Non-Executive Director, Sam Randazzo, was appointed as Interim CEO of the MC Mining Group following the resignation of Brenda Berlin in February 2021.

Commentary

The spread of COVID-19 in South Africa in 1H20 had significant adverse effects on the company and its customers and measures implemented to minimise the risk of COVID-19 transmission remained in place. A weekly government supported vaccination programme was implemented at Uitkomst and by mid-September, approximately 70% of the colliery’s employees had been vaccinated.

The company is pursuing various funding initiatives for the development of Phase 1 of the Makhado project and a number of parties are in advanced stages of their due diligence.

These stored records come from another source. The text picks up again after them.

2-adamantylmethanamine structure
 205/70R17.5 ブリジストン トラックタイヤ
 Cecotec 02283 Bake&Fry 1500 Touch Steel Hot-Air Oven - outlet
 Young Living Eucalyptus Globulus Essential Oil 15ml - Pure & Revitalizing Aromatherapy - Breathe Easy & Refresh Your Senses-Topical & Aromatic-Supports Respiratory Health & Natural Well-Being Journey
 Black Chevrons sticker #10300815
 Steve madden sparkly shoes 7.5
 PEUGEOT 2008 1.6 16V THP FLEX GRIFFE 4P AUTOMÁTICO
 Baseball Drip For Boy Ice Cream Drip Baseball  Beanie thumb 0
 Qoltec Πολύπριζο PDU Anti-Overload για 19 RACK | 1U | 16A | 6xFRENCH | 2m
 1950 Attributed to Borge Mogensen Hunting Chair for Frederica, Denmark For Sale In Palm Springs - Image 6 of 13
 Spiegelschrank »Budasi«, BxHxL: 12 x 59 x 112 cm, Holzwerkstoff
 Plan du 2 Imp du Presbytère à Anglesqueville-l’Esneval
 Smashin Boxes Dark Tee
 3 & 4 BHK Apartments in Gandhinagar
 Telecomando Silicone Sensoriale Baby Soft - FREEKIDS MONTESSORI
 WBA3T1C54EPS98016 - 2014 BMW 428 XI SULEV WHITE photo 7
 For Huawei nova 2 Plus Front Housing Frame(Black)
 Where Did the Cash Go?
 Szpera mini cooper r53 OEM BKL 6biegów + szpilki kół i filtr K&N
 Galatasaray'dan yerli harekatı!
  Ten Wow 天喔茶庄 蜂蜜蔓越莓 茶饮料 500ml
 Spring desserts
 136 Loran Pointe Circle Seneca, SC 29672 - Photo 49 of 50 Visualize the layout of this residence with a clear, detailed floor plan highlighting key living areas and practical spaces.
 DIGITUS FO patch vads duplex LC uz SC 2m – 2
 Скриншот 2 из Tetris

MC Mining remains confident that the parties taking part in the process will commit the necessary funds to complete the Makhado Phase 1 funding. The IDC also reaffirmed their support for the Makhado Project by formally extending the repayment date of the existing loan current IDC facility as well as the terminal draw down date for the New IDC Facility, to 31 January 2022.

The development of the Makhado Project will result in MC Mining being the pre-eminent South African producer of hard coking coal, a key ingredient contributing to the manufacture of steel and a commodity that trades at a significant premium to thermal coal. The Makhado Project has a combined life-of-mine in excess of 46 years and the project’s long-term viability is supported by forecast economic development and urbanisation, driving increases in per capita steel usage.